与本文研究主题密切相关的文献有两组。一是政策对企业海外收入的影响。异质性企业理论认为生产效率是决定企业是否进入海外市场的关键,该理论是国际贸易研究中最重要的理论之一[2]。从该理论出发,如果能够找到提高企业生产效率的动因,那么就可以影响企业是否进入海外市场的决策[3]。对于国内企业而言,政策鼓励一直被认为是决定企业生产效率的因素[4]。毛其淋和赵柯雨认为产业政策能够促进企业出口海外的概率和规模[5]。王晶晶和陈启斐发现以“服务外包示范城市”为代表的服务业开放政策增加了技术先进型企业的海外业务收入[6]。二是中华文化“走出去”的影响。目前该领域的研究仍把研究范围聚焦在国家或者产业层面。蒋园园等评估了文化创意产业政策对各省相关产业增加值的促进效应[7]。张琼和聂平香梳理了国家文化出口基地的特点与问题以及未来的发展方向[8]。刘斌等提出“一带一路”倡议也是促进文化产品“走出去”的重要政策,优秀的中华文化消费品在“一带一路”沿线国家受到了欢迎[9]。韦永贵和张艺川表示友好城市的建立是一种推动跨文化传播的积极政策,友好城市间的往来频率会随着政策的落地而上升[10]。
上述文献都是本文的重要研究基础。从研究结论可以知道,政策驱动了不同领域内企业进行跨国经营,而中华文化“走出去”是否对文化企业也存在类似的影响已经开始受到了学术界的关注。但是,尚有以下几个方面亟待完善:首先,中华文化“走出去”在企业层面产生的影响尚缺乏数据的支持;其次,考虑到政策传导的时长以及产业集聚现象的发生,需要判断文化政策的效果是否存在特有的时空性质;最后,文化领域的宏观政策落实至微观企业的渠道仍需得到进一步的挖掘。
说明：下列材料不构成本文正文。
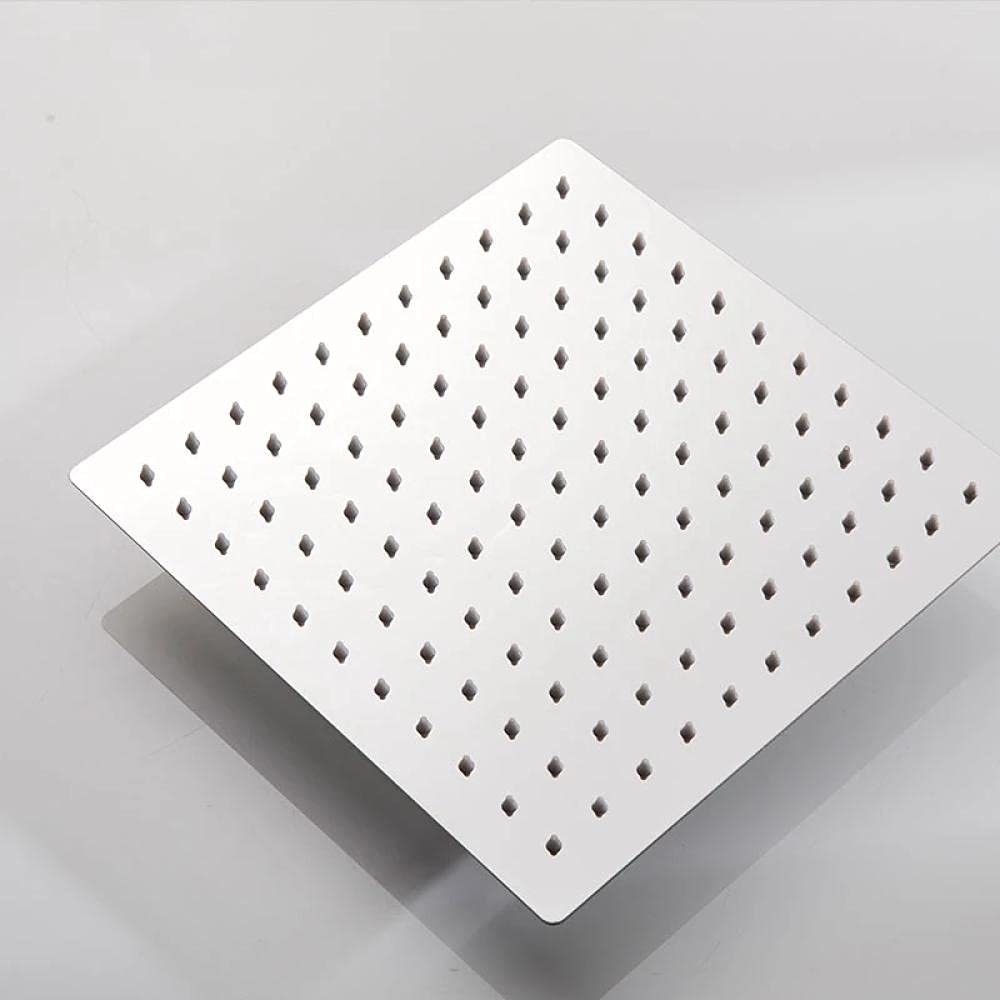 Soffione doccia a pioggia a LED di lusso Soffione doccia in acciaio inossidabile color cromo Cambia colore con soffione doccia ultrasottile da 12 pollici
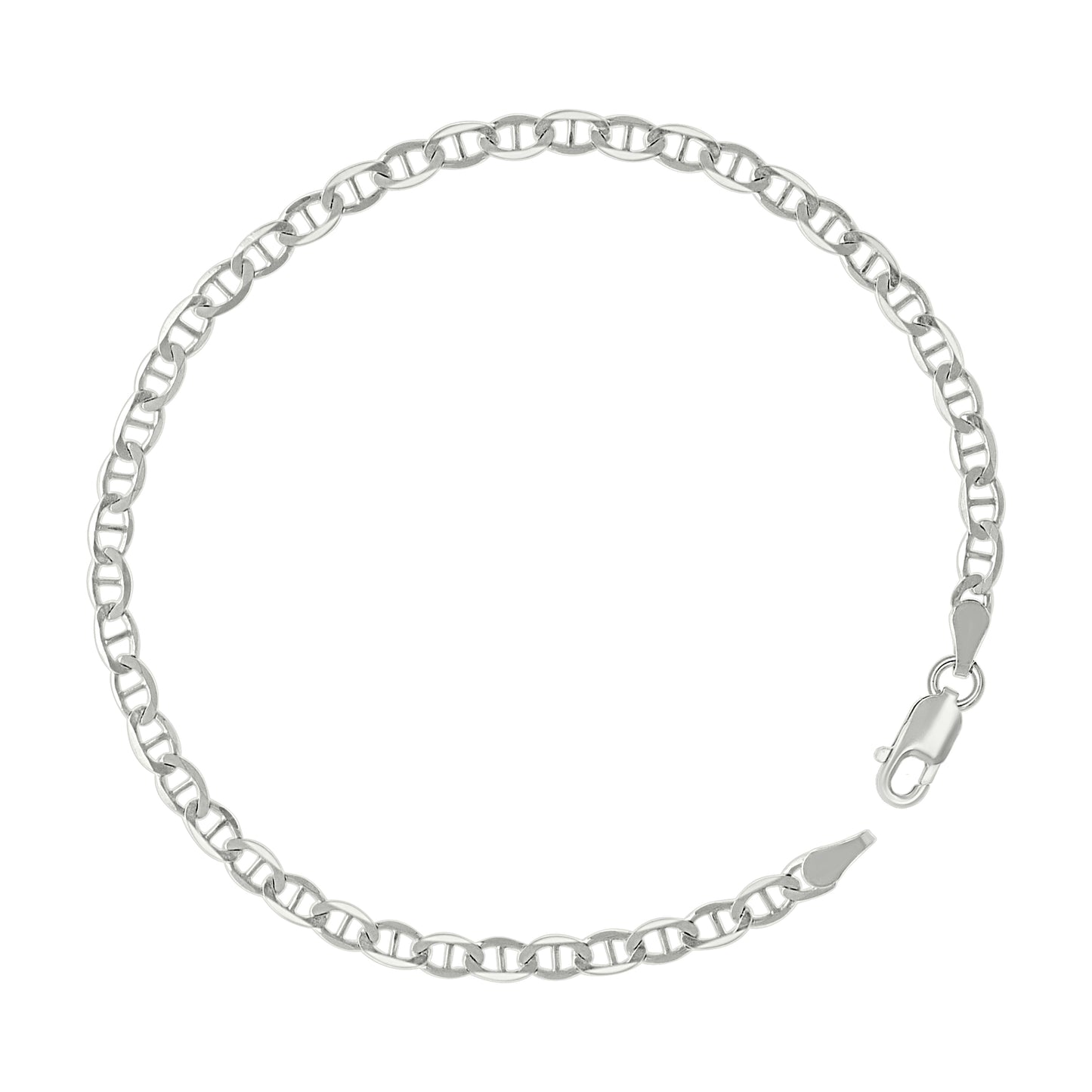 925 Sterling Silver Solid Classic Mariner Chain 3mm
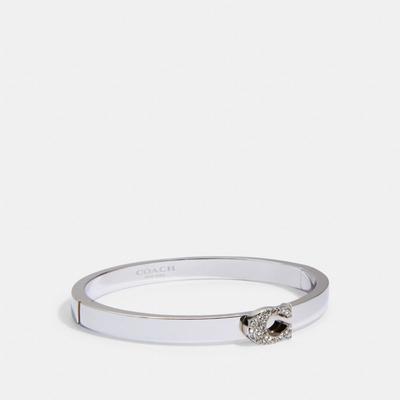 Браслет Coach Pav Signature Hinged Bangle 91428 Slv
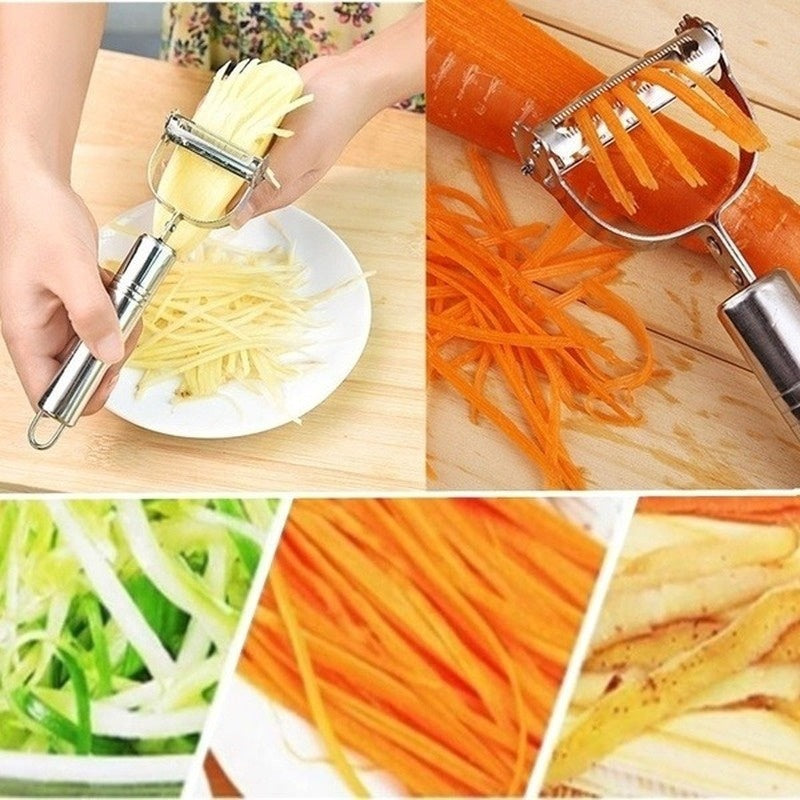 Stainless Steel Vegetable Grater Fruit Peeler Kitchen Gadget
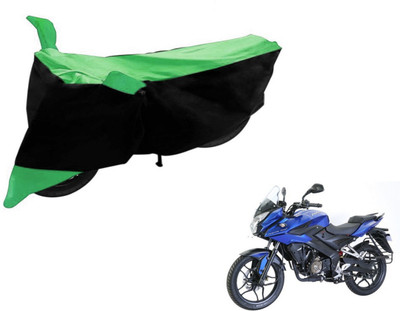 Flipkart SmartBuy Two Wheeler Cover for Bajaj(Pulsar AS 150, Black, Green)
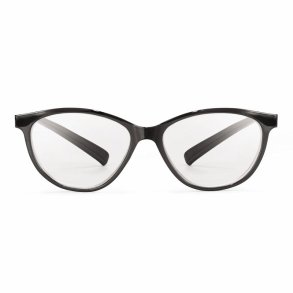 +1.50 AIRPORT shiny black grilamid Blue Light Lady Readers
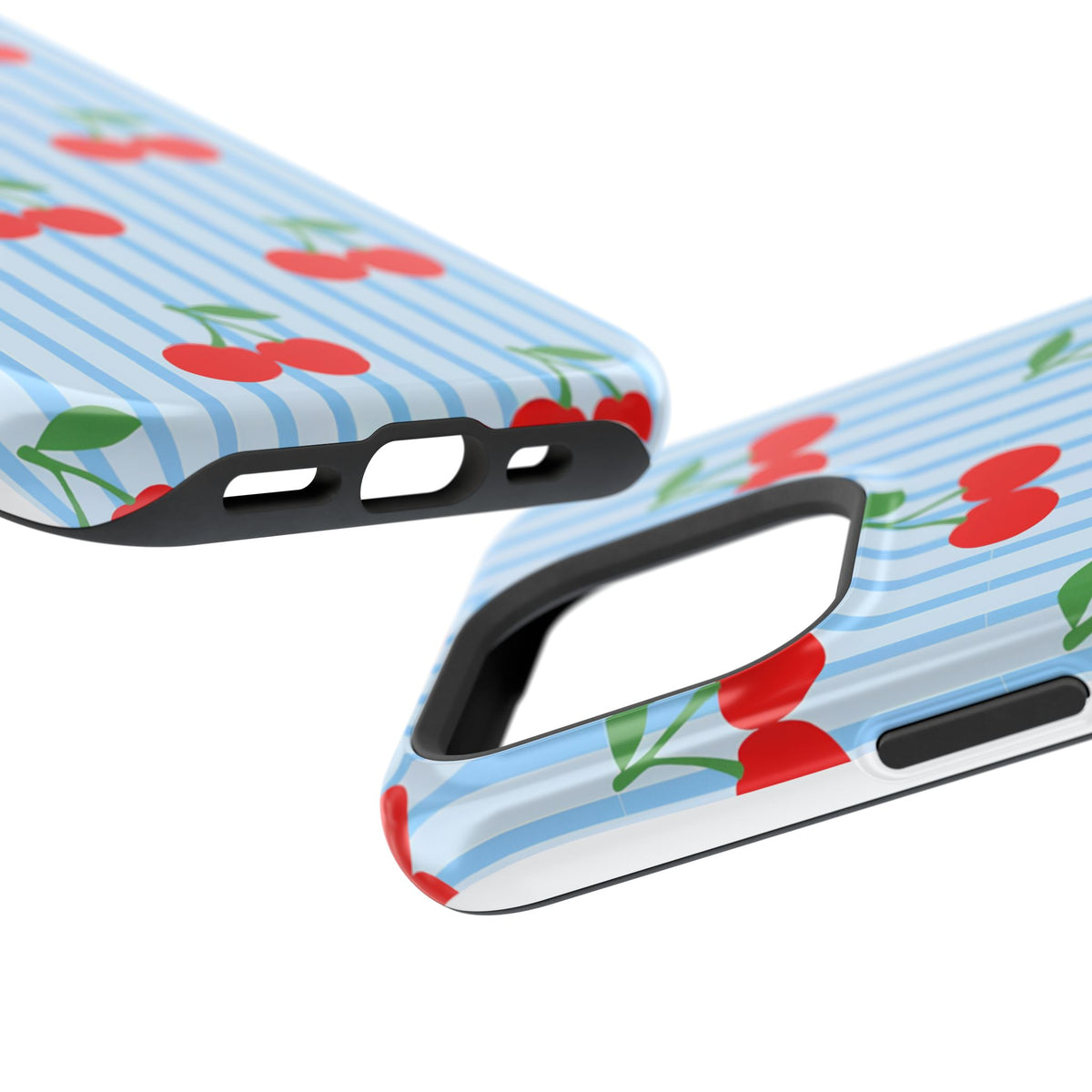 Sunday Market Magnetic Impact Phone Case — Blue Stripe Retro Design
基于此,本文首先通过在异质性企业理论基础上逻辑推演出一条国家文化出口基地的设立影响相关企业“走出去”的完整路径,并挖掘出税收减免优惠和人力资本投入两条影响路径,随后利用2012年至2022年文化类上市公司的数据,以多期双重差分法为主要方法进行实证研究。
二、理论分析
(一)政策推动文化企业“走出去”
按照异质性企业理论,生产效率较低的企业只能专注于国内市场,生产效率较高的企业才会进入海外市场。对于国内企业而言,来自各级政府的支持将会一定程度地影响企业生产效率的高低[11],因此政策因素成了决定企业是否进入海外市场并获取收入的决定性因素之一。多年来,制造业的发展始终受到政府的高度重视,《产业结构调整目录》《外商投资产业指导目录》以及“中国制造2025”规划等一系列政策,不仅推动国内企业获得海外市场,还使得国内产品向价值链高端攀升[12]。与之对应,随着我国文化产品出口的规模不断扩大,大力推进中华文化“走出去”也成了社会各界的共识[13],特别是在“文化自信”写入中国共产党党章以来,一系列推动中华文化“走出去”的相关政策不断落地,这些政策旨在提升国内文化企业的生产效率,让更多的优秀文化产品能够进入海外市场。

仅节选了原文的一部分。